COVID-19 has caused some obvious struggles: while health and finances have often been sources of stress, the coronavirus has shined a spotlight on where our strengths and weaknesses are – both personally and globally.
The same can be true of family dynamics. Since many of us have been sheltered-in-place, that can put a strain on the best of relationships – especially when it comes to finance. With the ups and downs of the job market and the economy, many families are looking at where they stand financially.
As wealth managers, we always hope that spouses are on the same page when it comes to money. But what about adult children? As a parent, you’ve spent your whole life protecting your kids from harm, spending your time nurturing their happiness and success. So, it can be devastating to watch them struggle.
A natural reaction is to want to “fix it” and use your own finances to prop them up financially. While it’s a completely understandable to want to help…should you?
Focusing on the money, not the heart
Having a big heart is a great quality and wanting to help your adult children with their finances when they’re struggling is very noble. However, you must also think of the long-term effects to your own future.
As you approach retirement or are recently retired, the power of compounding interest starts to work double-time in your favor. When financial advisors plan for your future, these are critical years to prop up your own financial independence. Taking money that was meant to be saved or pulling from your retirement assets will not just hurt you in the long run…it will actually hurt your children as well.

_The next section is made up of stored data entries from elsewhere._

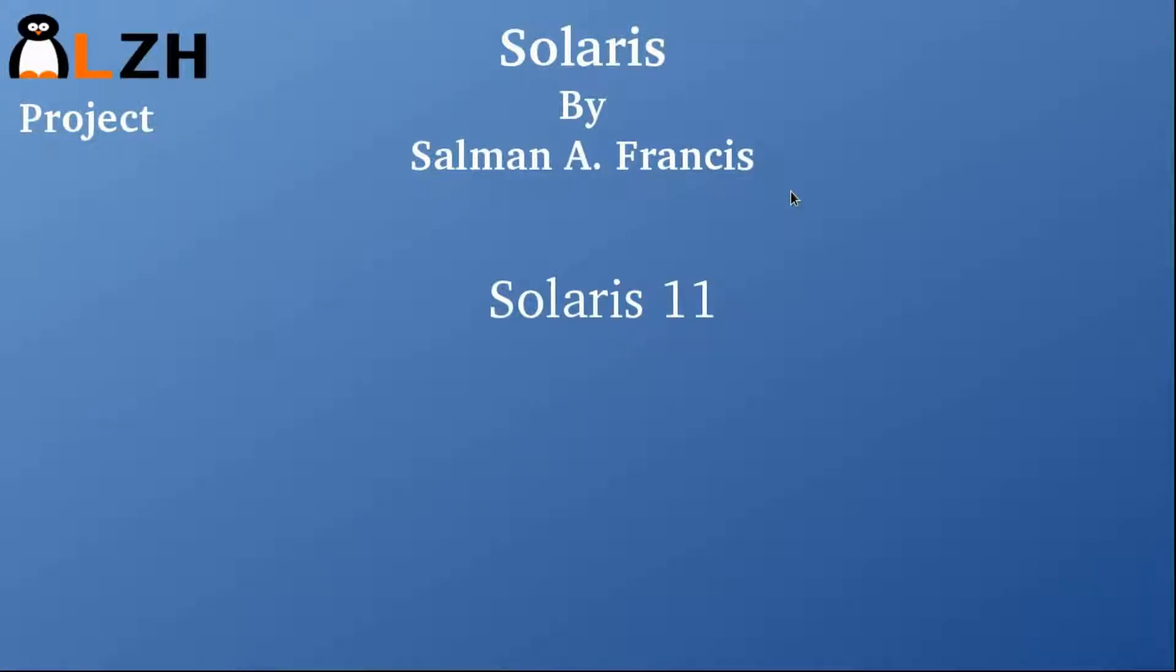Hey guys, welcome to LCH project. My name is Salman Francis and I'm back with a new video series, and this time it's Solaris. So let's start.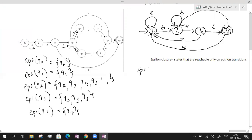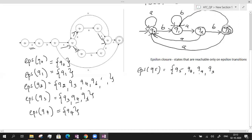Epsilon closure of q5: include q5. From q5 there is an epsilon transition to q8, so include q8. From q8 on epsilon it reaches q9 and q3, so include those. From q3 on epsilon it reaches q4 and q6, so include those too. From q9 there are no epsilon transitions. Epsilon closure of q5 is {q5, q8, q9, q3, q4, q6}. This is how we find the epsilon closure of every state.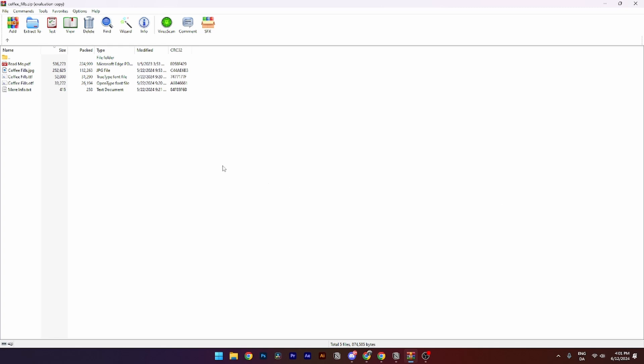So the first thing you need to do is find your font that you want to install and install it onto your desktop.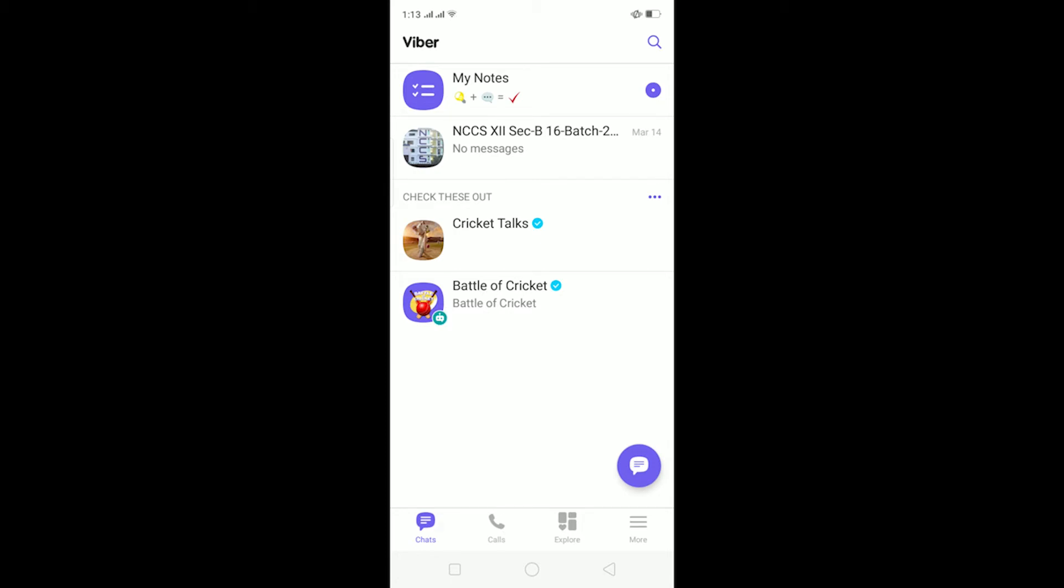First I'm going to show you how to turn off your Viber notifications, because Viber notifications are turned on by default. To turn it off, go to More.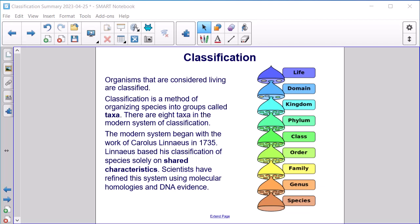Classification. Organisms that are considered living are classified. Classification is a method of organizing species into groups called taxa. There are eight taxa in the modern system of classification.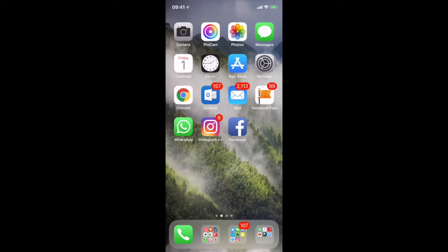Hey guys, this is Poppy Joshi here and I wanted to give you a very quick overview and demo of our app. The app is designed and has the same functionality on both the Android and the iOS platform. I'm going to give you this demo on the iOS platform.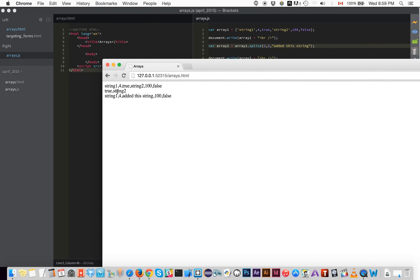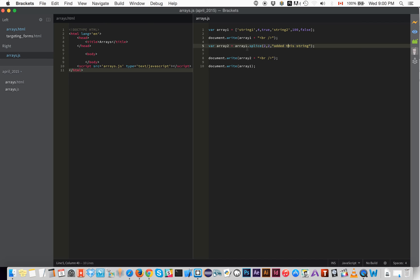Just as expected, splice shows it took away `true` and `string two` — starting at position 2 and deleting two items. The newly updated array is: `string one`, `four`, `added the string`, `100`, `false`. It added the new string at position 2. Hopefully you guys get that. You've now learned how to make an array, and how to use slice and splice. In the next tutorial we'll cover push, pop, shift, and unshift — and then we start making magic happen.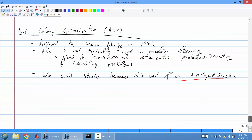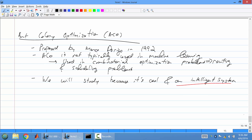We're going to get on to the last topic, which I think is pretty cool: ant colony optimization. It was proposed by an Italian scientist named Marco Durigo in 1992. Ant colony optimization is not typically used in machine learning — it's used in a variety of other applications such as routing and scheduling problems. For example, what would be the optimal placement of routers to maximize network coverage? It can be applied to machine learning with some modifications, but it's covered here because it's a cool algorithm and an intelligent system, which is what this course is called.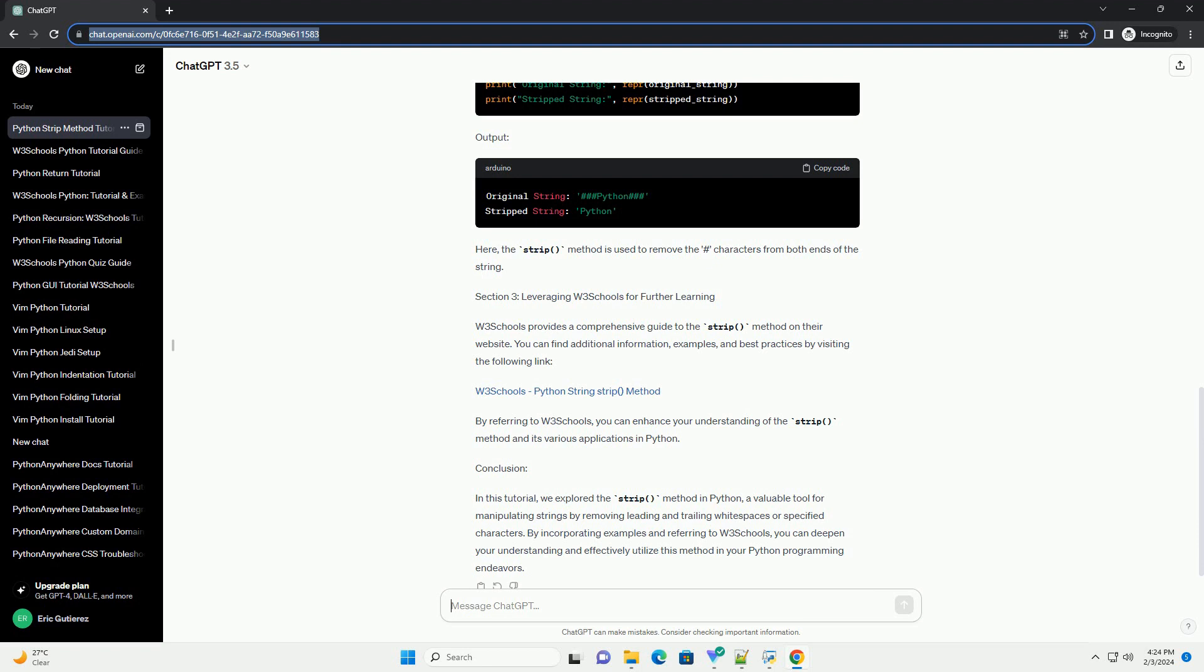Section 2: Practical Examples. Let's explore some practical examples to understand how the strip method works. Example 1, Basic Usage Output. In this example, the strip method removes the leading and trailing spaces, resulting in a clean version of the original string.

Part of the reason we focus so much on holistic planning with our clients is to show what must be done to financially insulate their retirement. By having a plan in place, they know what must be put away and built for their well-being. Once this bucket is filled and if there is excess cash flow, then helping adult children can become a consideration.
Here’s an example
Imagine you’re 45 years old and want to retire at age 65. After talking to your financial advisor you learn that you need a little over $1.5M to retire at age 65 when factoring in Social Security. You’ve already managed to save $300,000 and assuming 6% growth you determine you must save $20,000 annually to reach your goal to retire at age 65. Assuming 6% growth, you’ll have $1,762,821 at retirement!
Now imagine the same scenario – but you have adult children who both need your help with rent. You feel bad and know they’re in a pinch, so you agree to help pay $500 per month for both ($1000 total). Using these same assumptions, your nest egg when you’re 65 is now only $1,300,780.
That’s close to a $500,000 difference.
And what’s $500,000 in terms of your retirement income? Well, assuming 4% of investment income is used to support your lifestyle, that’s $20,000 less per year you can spend in retirement. Not to mention that pulling more from your accounts to make up the difference means you’ll deplete your money much quicker over time. If you’re saying that doesn’t bother you and your focus is making your children happy, then let’s look at it from their perspective.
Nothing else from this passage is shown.